Russian court imprisons Pussy Riot band members on hooliganism charges
Three members of Russian female punk rock band Pussy Riot were sentenced to two years in prison Friday after they were found guilty of hooliganism for performing a song critical of President Vladimir Putin in a church.
The five months they have spent in detention since their arrests in March count toward the sentence, Judge Marina Sirovaya said.
The judge said the charges against the three young women -- Nadezhda Tolokonnikova, Maria Alyokhina and Yekaterina Samutsevich -- had been proved by witnesses and the facts.
The Pussy Riot members were charged after screaming, "Mother Mary, please drive Putin away," in a protest act in February inside Christ Savior Cathedral, one of Moscow's grandest houses of worship.

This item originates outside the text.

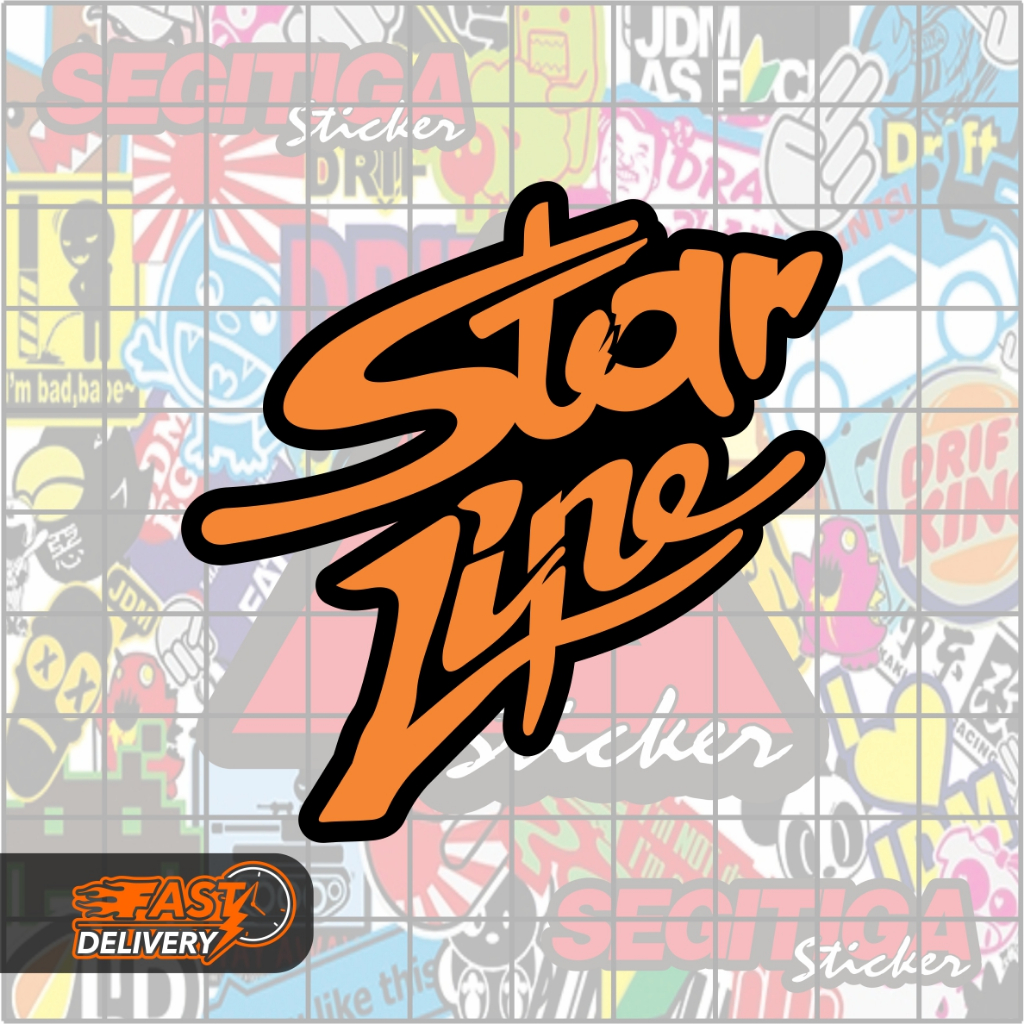 สติ๊กเกอร์ StarLine ขนาด 5 x 5 ซม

Punk bands perform in support of jailed rockers
Sirovaya rejected the women's defense that they were acting from political motives, ruling that they had intended to insult the Russian Orthodox Church and undermine public order.
However, the fact that two of them have young children was a mitigating factor in the sentencing, the judge said.
The defendants were accused of offending the churchgoers present -- through their actions, obscene language and their clothing -- and showing a lack of respect for the rules of the Orthodox Church. They ignored requests to stop their brief unscheduled protest performance, the court heard.
While their actions outraged many of Russia's faithful, their high-profile trial prompted international concern about freedom of speech in Russia.